Researchers identified multiple vulnerabilities in connected systems in BMW models
The recent set of vulnerabilities (14 in total) found by the researchers at China’s Tencent Keen Security Lab are yet another example of how important it is to ensure that the in-vehicle software is not tampered with after it leaves the factory.
Many oversights that were common mistakes in the past (hard-coded keys and passwords, open ports) are becoming less prevalent and can be fixed relatively easily before they pose a threat. However, in-memory vulnerabilities in the logic and memory configurations of the software are often “waiting” to be exploited, unnoticed by the best of test suites. Moreover, as the complexity of automotive systems grows, the OEM has to rely on 3rd-party software, with minimal control over its quality. Bluetooth, USB, Ethernet and cellular interface drivers, and entire operating systems such as Linux and QNX, are all being developed by 3rd parties, and they are prone to in-memory vulnerabilities as they have to interact with the outside world via allocated memory (“buffers” – as in the infamous “buffer-overflow” scenarios). Zero-day in-memory vulnerabilities are lurking in these software stacks, and can be exploited repeatedly, as the firmware cannot be cleared of the danger as quickly as the victim of an attack – manufacturer, Tier1 or other vendor – would like.
In this research, Keen Labs engineers were able to find vulnerabilities in protocol stacks (Bluetooth, WiFi, Cellular, OBD-II) that pose the most critical attack surface, as they allow remote control of the Electronic Control Unit (ECU), and from there, hijacking of the entire vehicle. Such an attack, based on reverse-engineering research, can threaten an entire fleet, when used in combination with a high-power rouge cellular tower or a rouge WiFi device near a crowded parking lot or major intersection.
Sealing ECUs according to their factory settings and, more specifically, using Control Flow Integrity (CFI), is the only effective approach to stopping hackers from reaching safety-critical parts of the vehicle. It has become a high-priority task to find appropriate counter-measures, in light of the time and effort that researchers (and attackers) invest in analyzing control units, deriving ways to bypass static mechanisms such as stack canaries and ASLR, and finding in-memory corruptions.
What can be done?
This researh shows that gateways are not enough as a security measure that separates the safety-critical ECUs from the other ECUs in a vehicle. The Gateway must allow certain messages to pass from the “external” (Telematics/Infotainment/OBD-II) side to the sensitive safety-critical side, in order to support diagnostics services (as detailed in the Tencent report) and a slew of other 21st-century services such as self-parking and battery recharging. And Gateways, after all, are ECUs themselves, vulnerable to the same type of attacks as other controllers. In the case discussed here, there was no need to attack the Gateway in order to transmit harmful messages, but it would have been possible.

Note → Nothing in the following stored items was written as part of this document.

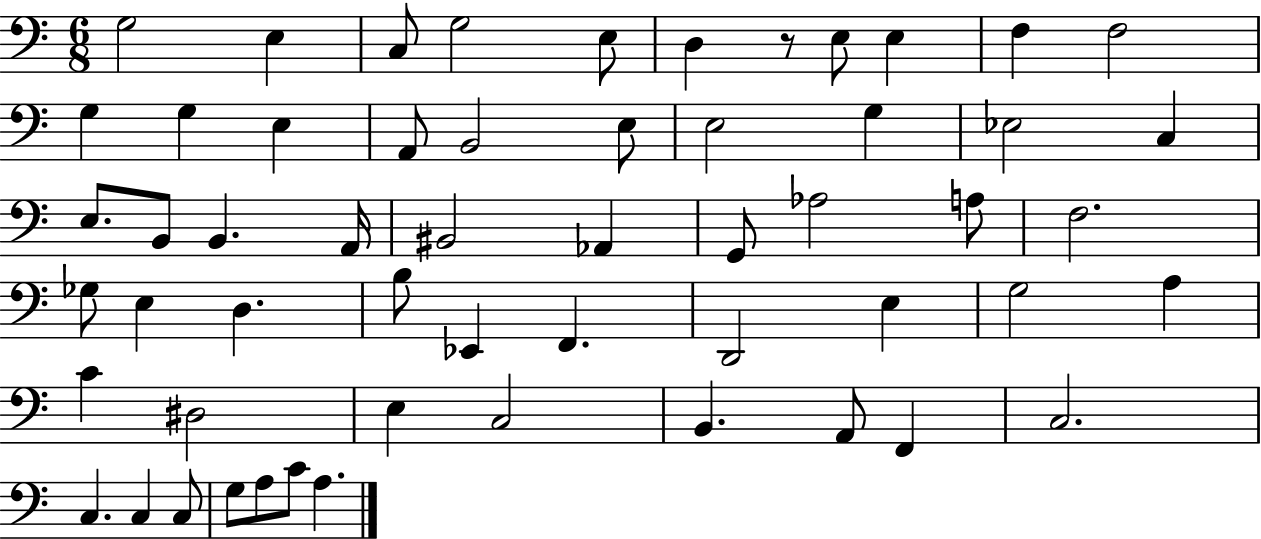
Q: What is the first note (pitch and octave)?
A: G3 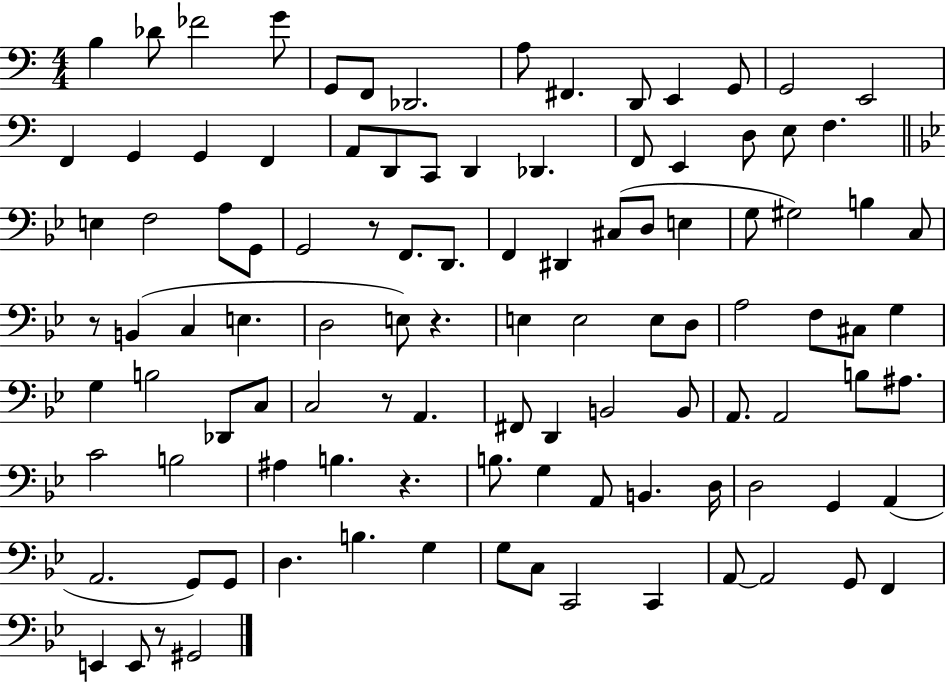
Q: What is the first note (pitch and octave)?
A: B3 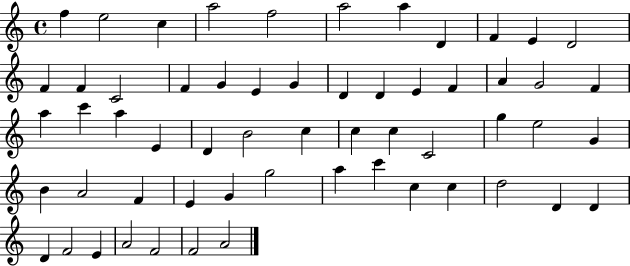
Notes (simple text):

F5/q E5/h C5/q A5/h F5/h A5/h A5/q D4/q F4/q E4/q D4/h F4/q F4/q C4/h F4/q G4/q E4/q G4/q D4/q D4/q E4/q F4/q A4/q G4/h F4/q A5/q C6/q A5/q E4/q D4/q B4/h C5/q C5/q C5/q C4/h G5/q E5/h G4/q B4/q A4/h F4/q E4/q G4/q G5/h A5/q C6/q C5/q C5/q D5/h D4/q D4/q D4/q F4/h E4/q A4/h F4/h F4/h A4/h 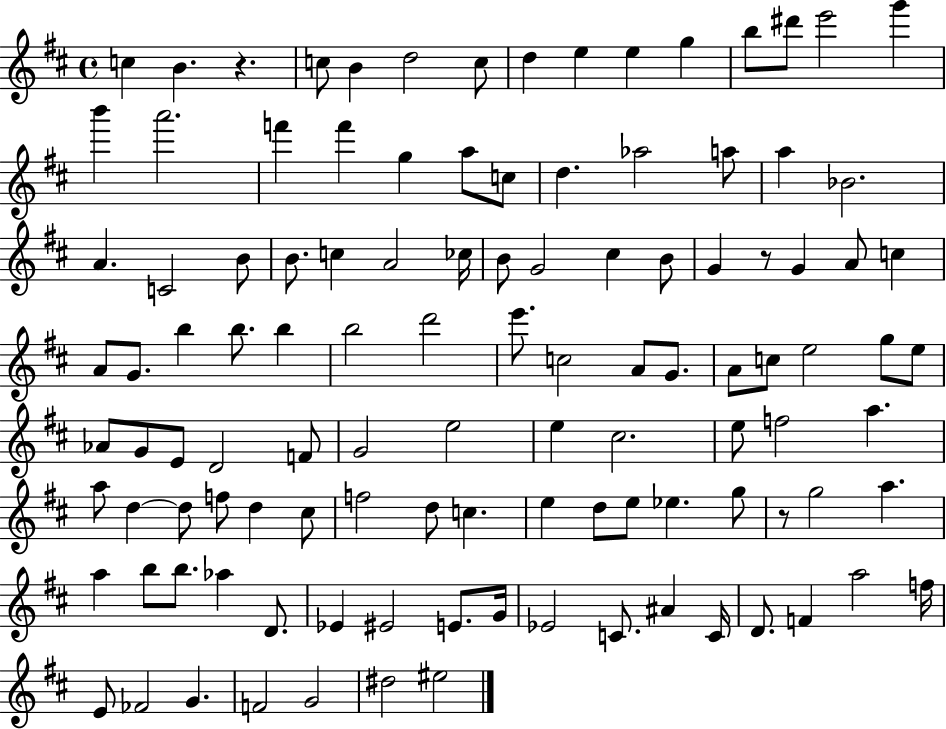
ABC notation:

X:1
T:Untitled
M:4/4
L:1/4
K:D
c B z c/2 B d2 c/2 d e e g b/2 ^d'/2 e'2 g' b' a'2 f' f' g a/2 c/2 d _a2 a/2 a _B2 A C2 B/2 B/2 c A2 _c/4 B/2 G2 ^c B/2 G z/2 G A/2 c A/2 G/2 b b/2 b b2 d'2 e'/2 c2 A/2 G/2 A/2 c/2 e2 g/2 e/2 _A/2 G/2 E/2 D2 F/2 G2 e2 e ^c2 e/2 f2 a a/2 d d/2 f/2 d ^c/2 f2 d/2 c e d/2 e/2 _e g/2 z/2 g2 a a b/2 b/2 _a D/2 _E ^E2 E/2 G/4 _E2 C/2 ^A C/4 D/2 F a2 f/4 E/2 _F2 G F2 G2 ^d2 ^e2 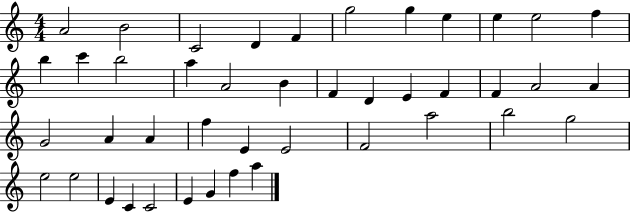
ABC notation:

X:1
T:Untitled
M:4/4
L:1/4
K:C
A2 B2 C2 D F g2 g e e e2 f b c' b2 a A2 B F D E F F A2 A G2 A A f E E2 F2 a2 b2 g2 e2 e2 E C C2 E G f a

Solutions such as cloud-based continual updates and Intrusion-Detection Systems would not be effective in blocking attempts to use these attack vectors.
The Autonomous Security protection provided by Karamba would harden the ECUs and authenticate the messaging between them, so that the vehicle remains safe.
This latest research took a long time to complete, and significant vulnerabilities were found. The cybersecurity industry is working as a whole to help protect the cars we are driving, and with the promise of Autonomous Vehicles increasing the stakes, critical prevention technologies are emerging to enhance the automotive protection stack with in-vehicle solutions.